Cuica The cuica is a single-head friction membranophone of Brazil. Pictured here are two metal-shelled cuica manufactured by the Latin Percussion company (located in the United States) in the fashion of the highly idiosyncratic Brazilian instrument used in both rural and urban dance ensembles. Arguably one of its most prominent contemporary contexts of usage is in the percussion ensembles (bateria) of Samba schools (escolas de samba), which are a featured element of Carnival celebrations throughout Brazil.

But its distinctive sound can be argued to index Brazil-ness and as a result it is frequently orchestrated into the percussion accompaniment of Brazilian popular music artists and western jazz artists who wish to season their sound with a taste of Brazil. Although manufactured in the U.S., a number of Brazilian companies make similar high-tech models of the cuica.

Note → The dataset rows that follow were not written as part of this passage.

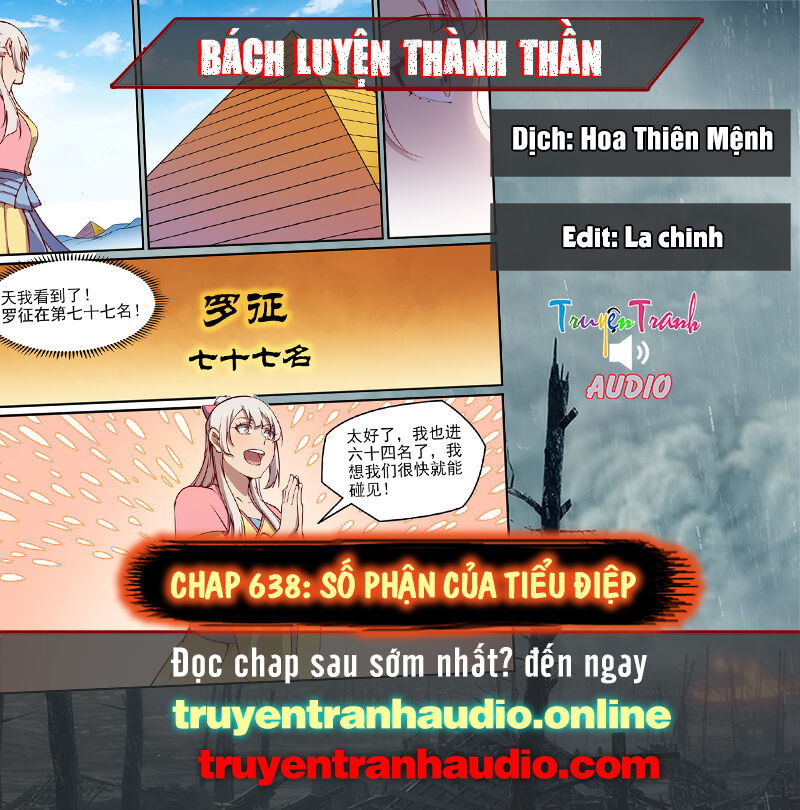 Bách Luyện Thành Thần Chapter 638 - 1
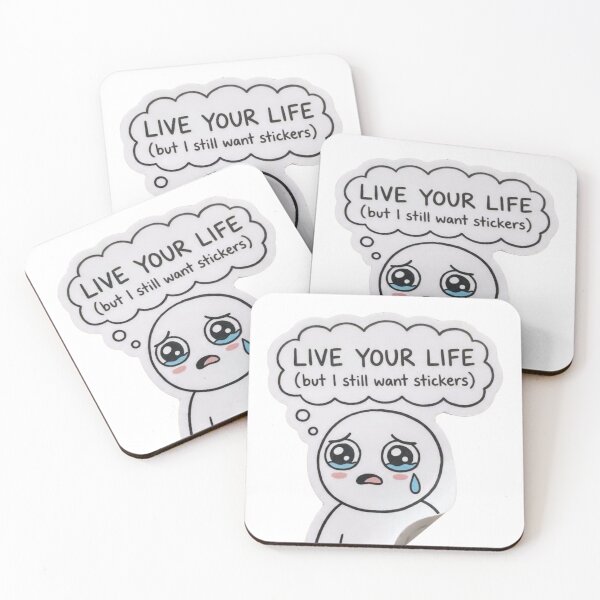 Item preview, Live Your Life But I Still Want Stickers Funny designed and sold by Hafcishop.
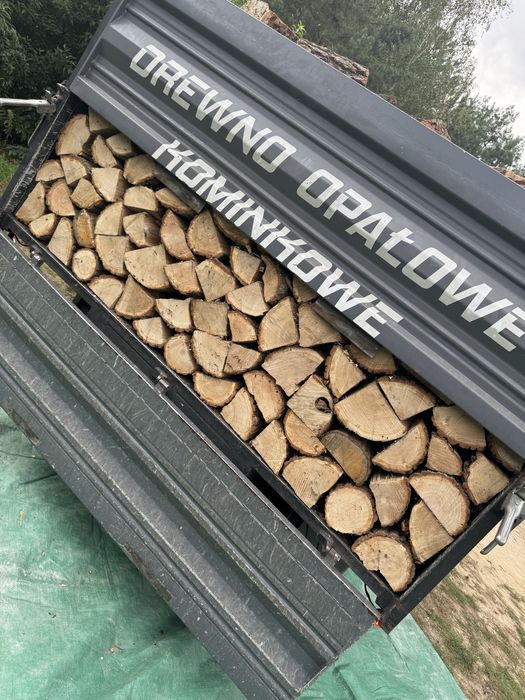 Grab buk dąb akacja / drewno kominkowe opałowe z transportem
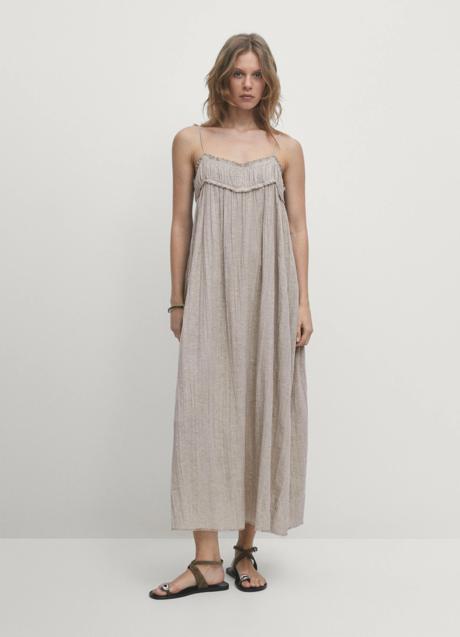 Imagen - Vestido de tirantes de Massimo Dutti (79,95 euros)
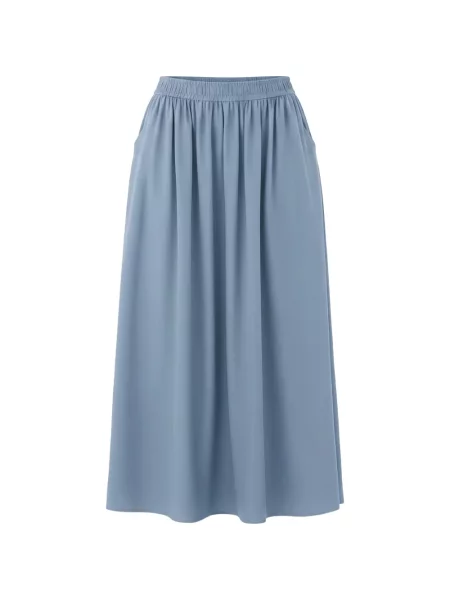 Plisirana plisirana suknja Eleh iznad koljena plava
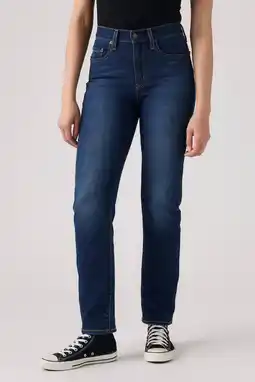 Wehkamp Levi's 724 highwaist straight leg jeans medium blue denim aanbieding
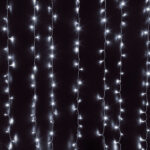 85801 Διακοσμητική Κουρτίνα 3 x 2 Μέτρα με Controller 8 Προγραμμάτων Φωτισμού - Επεκτεινόμενη 240 LED 6W AC 230V με Διάφανο Καλώδιο & Πρίζα Schuko IP20 Ψυχρό Λευκό 6000K Μ3 x Υ2m - Image 6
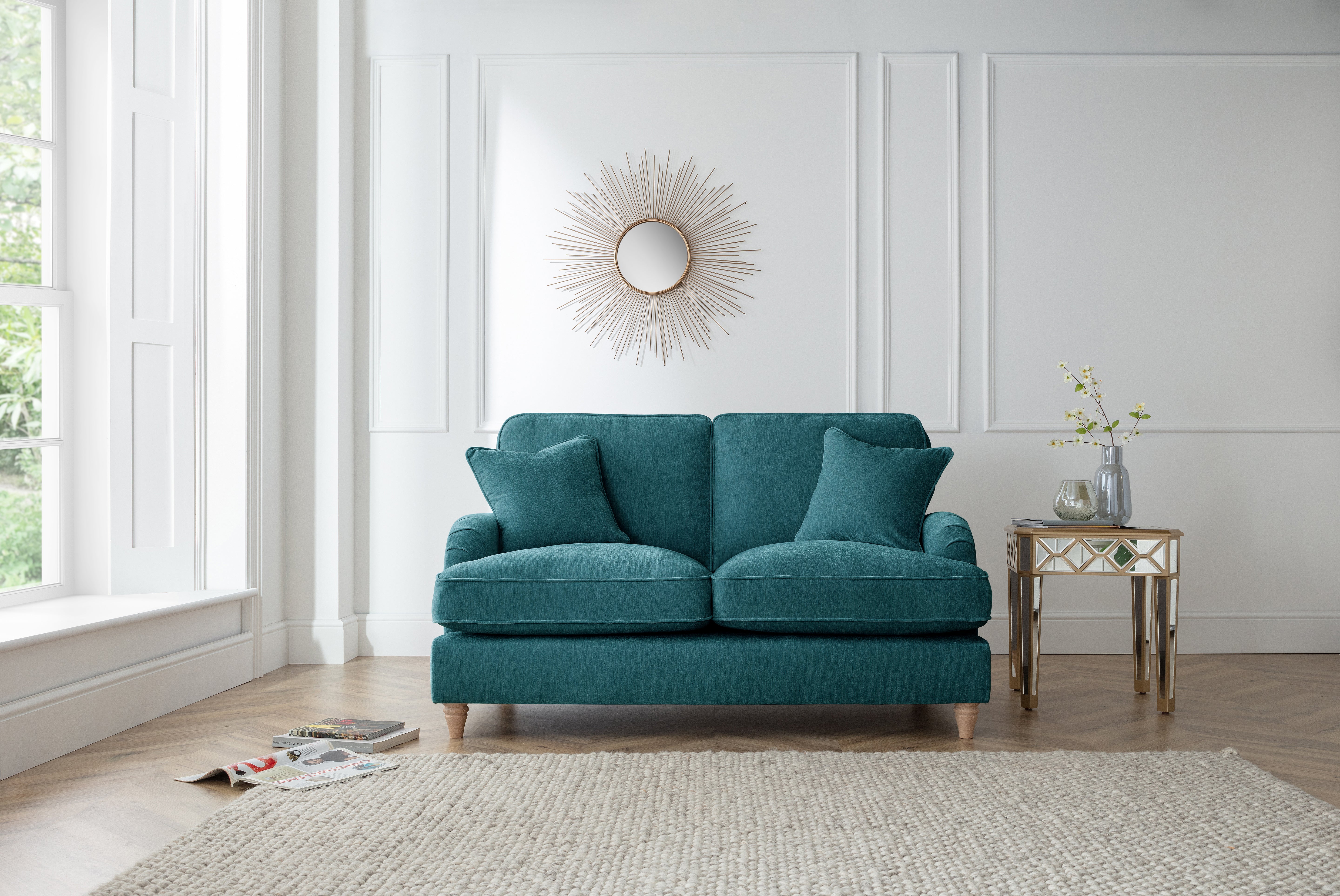 Model 01 – 02 Seater sofa – Modern Sofa with Cushions – Stylish Upholstered Loveseat for Living Room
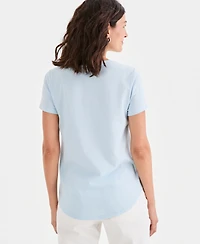 Style & Co Women's Printed Short-Sleeve Crewneck T-Shirt, Macy's Exclusive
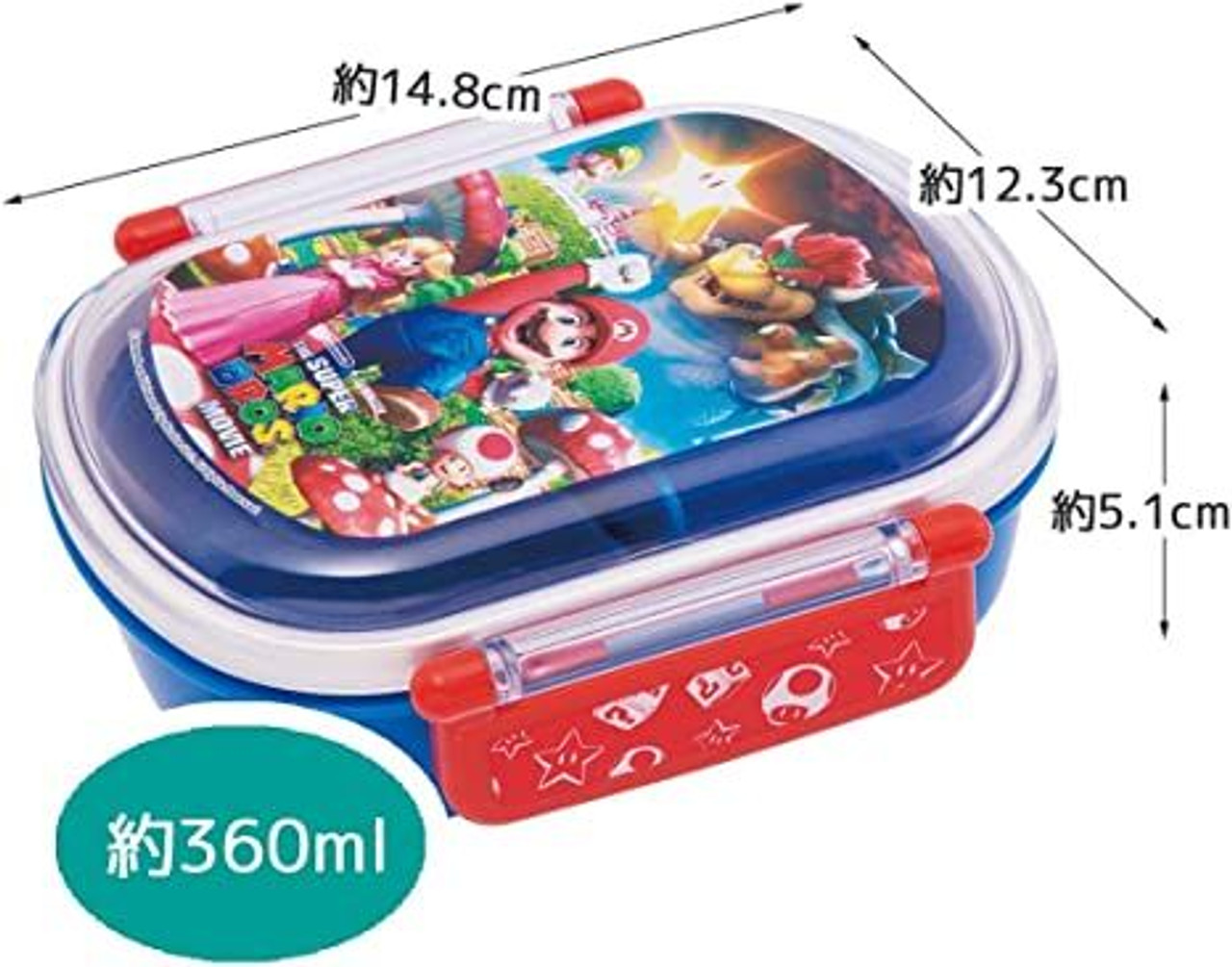 Skater Aluminum Lunch Box Super Mario 23 - Plaza Japan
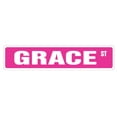 thumbnail image 1 of GRACE Street Sign Childrens Name Room Sign | Indoor/Outdoor |  24" Wide, 1 of 5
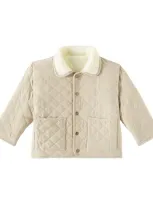 Rylee + Cru Kids' Quilted Cotton Jacket In Beige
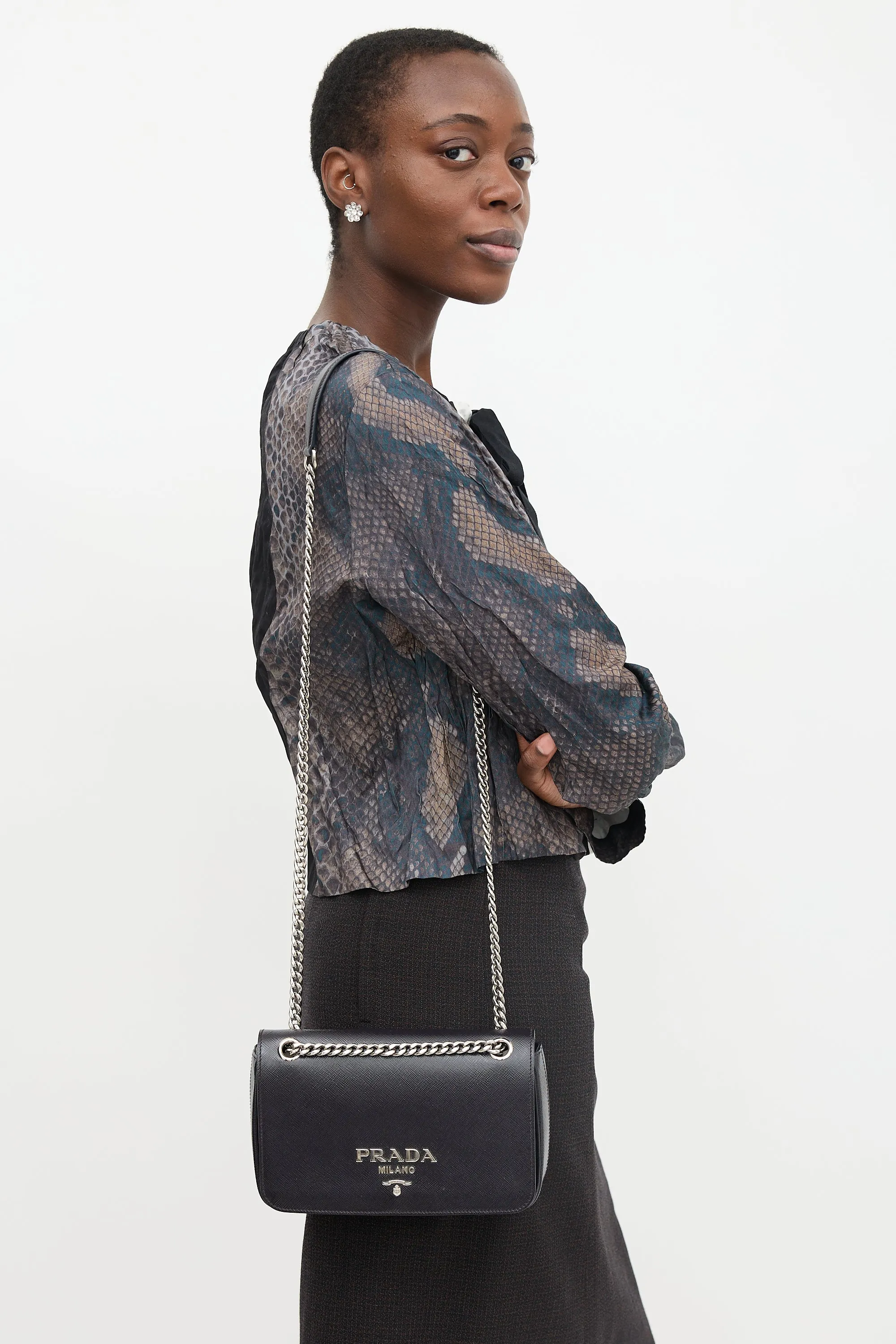 Patent Saffiano Crossbody Bag sold by VSP Consignment product image thumbnail 3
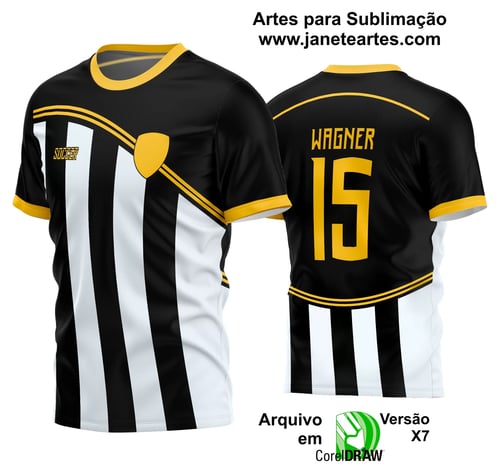 Arte Vetor Estampa Camisa Time Amador Futebol 2024 Arte Vetor Estampa Camisa Time Amador Futebol 2024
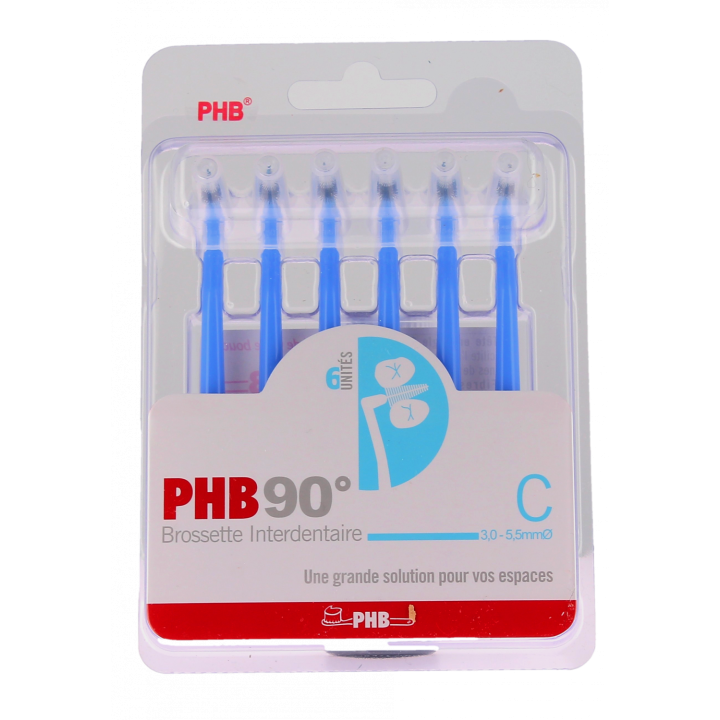 Brossettes interdentaires Phb 90&deg; C 1.3 Crinex - lot de 6 brossettes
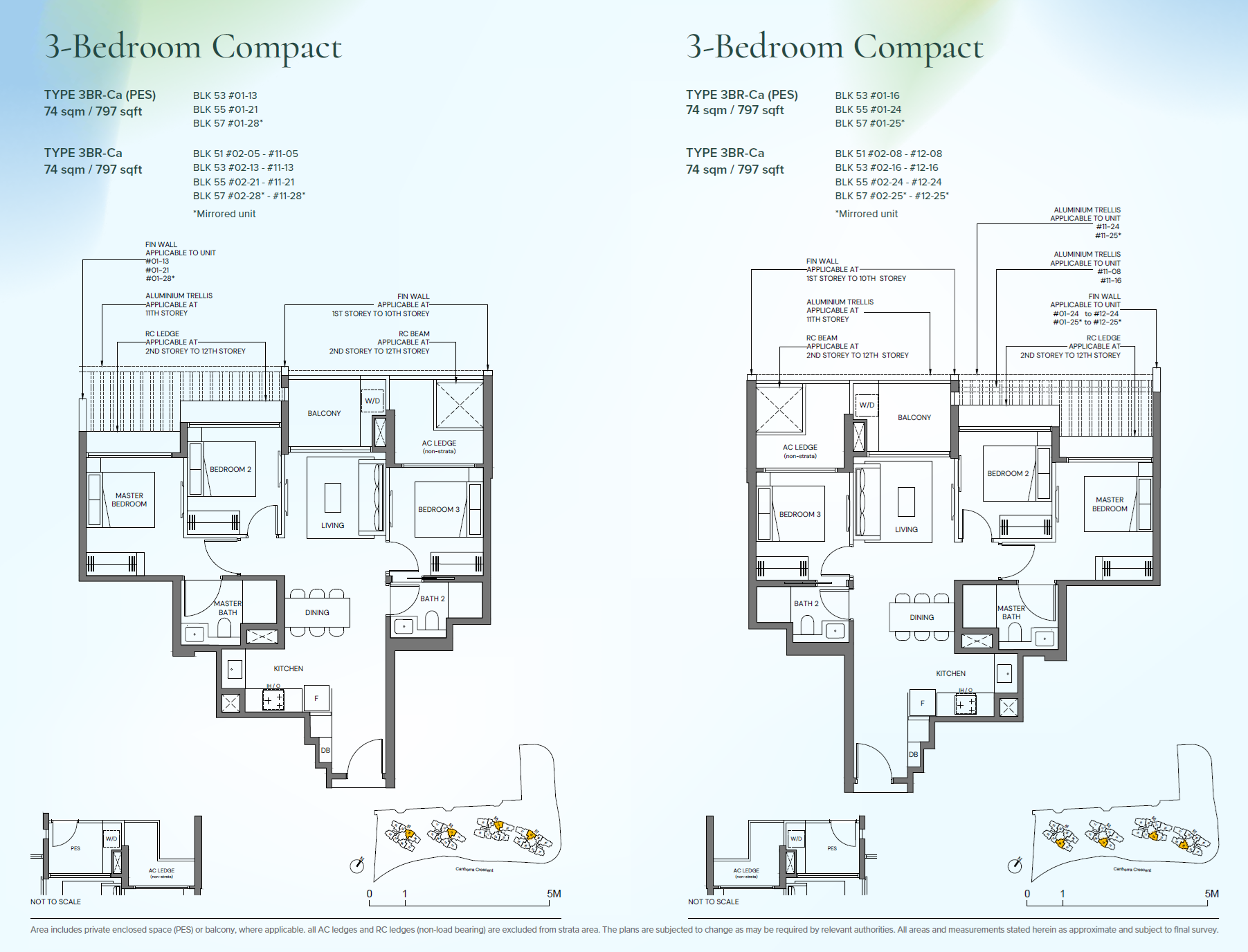 3BR-Ca floor plan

The shell of the first cuica pictured in the gallery is cylindrical and made of plated sheet metal. Its single mammal-skin membrane is stretched over a flesh hoop slightly wider in diameter than that of the opening in the shell it covers. The drumhead is further tensioned with a heavy metal collar of a slightly smaller diameter than the flesh hoop. This collar has eight piers located around its circumference that accept the top ends of threaded tension rods, which in turn pass through piers on a similar band (a counterhoop) that rests against a ridge in the shell a few inches above the open end of the drum shell. This counter hoop is further secured to the shell with rivets. By turning the bolts at the lower ends of the rods with a key, the amount and evenness of pressure on the membrane can be controlled. In the middle of the drumhead, through a process that involves moistening the membrane before it is attached to its flesh hoop, a nipple is created into which the bulbous head of a bamboo stick is inserted (see the two detail photos). A length of thread is used to secure the bulb in the nipple.